Data Source: Osaka Prefecture University (both datasets available here)
This project includes data of peak cherry blossom bloom date in Kyoto, Japan back to the year 853. It also includes a dataset with average yearly temperature in Kyoto. The project does the following: imports the two CSV files from Google Sheets (to avoid broken file paths between Windows and MacOS); utilizes a left join to combine the two datasets on the shared field 'Year'; checks for and removes missing values; converts all columns from Celsius to Fahrenheit; generates quartiles; creates a new column assigning a category of 'Low', 'Medium', or 'High' based on the average temperature; and then exports the final table to .xlsx for ease of import into Tableau.

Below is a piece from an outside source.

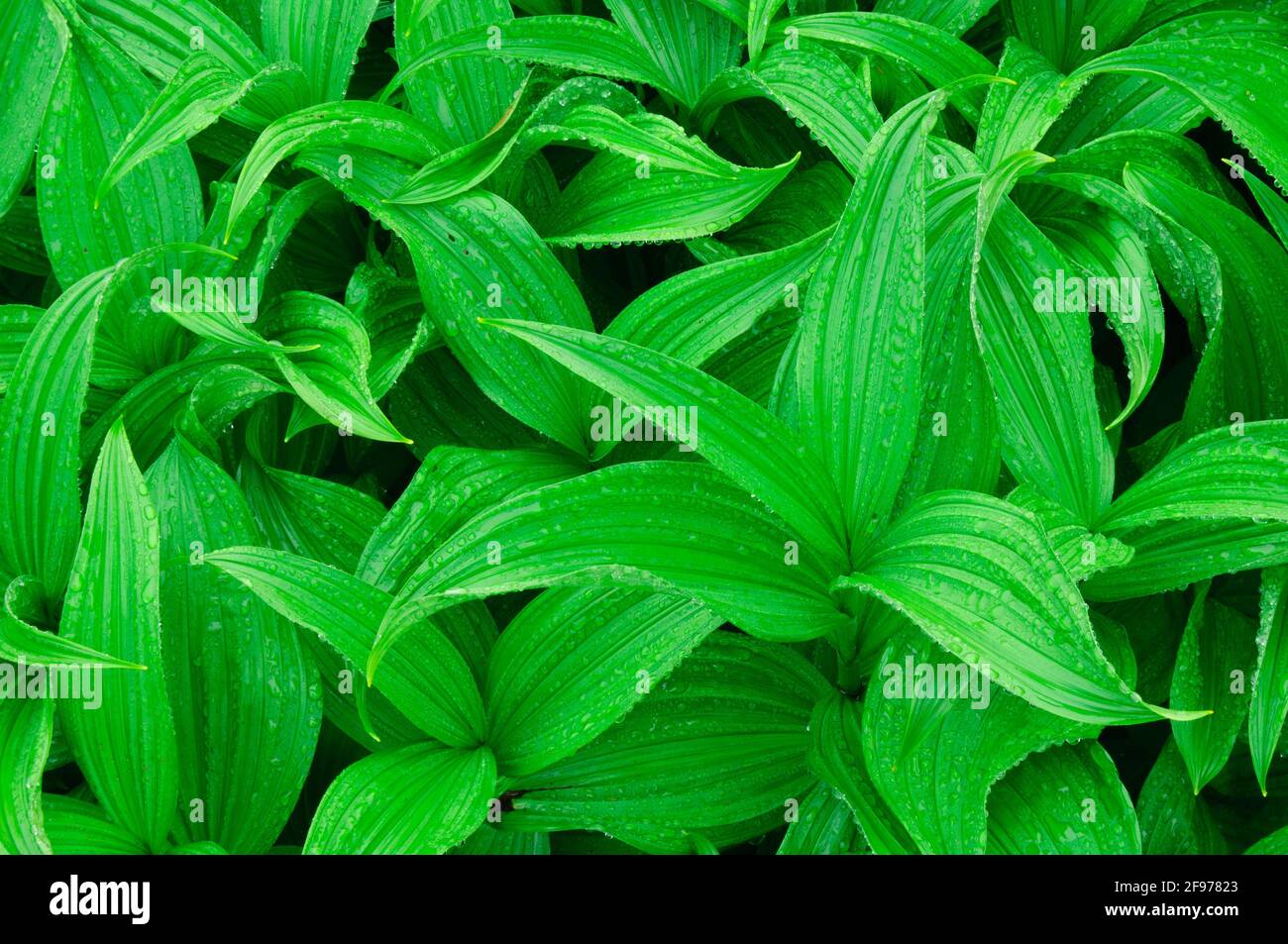 Giglio di mais o Veratro nero al Paradise area, il Parco Nazionale del Monte Rainier, Washington. Foto Stock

After the data cleaning and export, the dataset is imported into Tableau Public. Two visualizations were created: a histogram showing the average dates of peak blooms from the time period and a scatterplot showing the relationship between average yearly temperature and peak bloom date. The final dashboard is available at Sakura Blooms in Kyoto Dashboard.

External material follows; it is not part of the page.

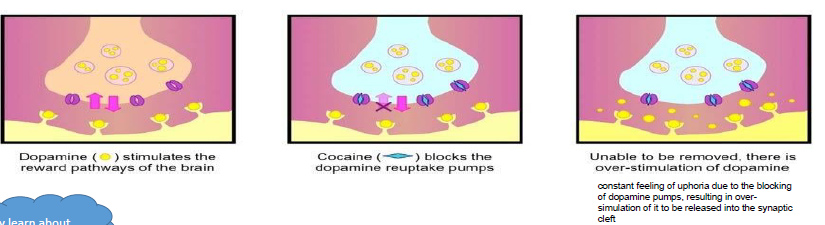 <p>blocks the dopamine and reuptake pumps, causing a feeling of euphoria from the overstimulation of dopamine production</p>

Before starting, you need to download/install the following extensions in VS Code for Jupyter Notebook:
Clone the repo to your computer.
Package requirements are listed in the requirements.txt file. Install the libraries in the requirements.txt file using the following command:
pip install -r requirements.txt
Packages used in this project include:
- numpy
- pandas
Create and activate your virtual environment utilizing Command Prompt (more information available here: venv set up and activation. Be sure to cd into your correct directory prior to setting up and activating your venv!
To create venv:
python -m venv env
To activate venv:
env/Scripts/activate.bat
Navigate to the folder and open main.ipynb with VS Code. Be sure to update the kernel in the upper right of VS Code (as shown in the screenshot below).The file imports uses public CSVs saved in my Google Sheets account, a work around for users utilizing different operating systems (not having to adjust the import statement/file path).
Features used:
****** NOTE: I have changed my project since submitting my project brief in mid-June 2022 ******
- Loading data. Two CSVs are loaded into Python (bloom dates dataset and average temperature dataset).
- Clean data, merge in pandas, and calculate a new value. Datasets were cleaned (missing values dropped, columns dropped), a left merge using pandas was implemented using the shared field "Year", and a new value was calculated (category assignment based on temperature: "Low", "Medium", "High").
- Tableau Dashboard was created. Sakura Blooms in Kyoto Dashboard.
- Virtual environment with instructions. A virtual environment was utilized and instructions on how to utilize it are provided in this README. A requirements.txt file is also included to install necessary packages and dependencies.
- Annotations in Jupyter Notebook. The main.ipynb file includes annotations on the purpose of the code blocks.
- Detailed README file with formatting. This README has been formatted using GitHub markup.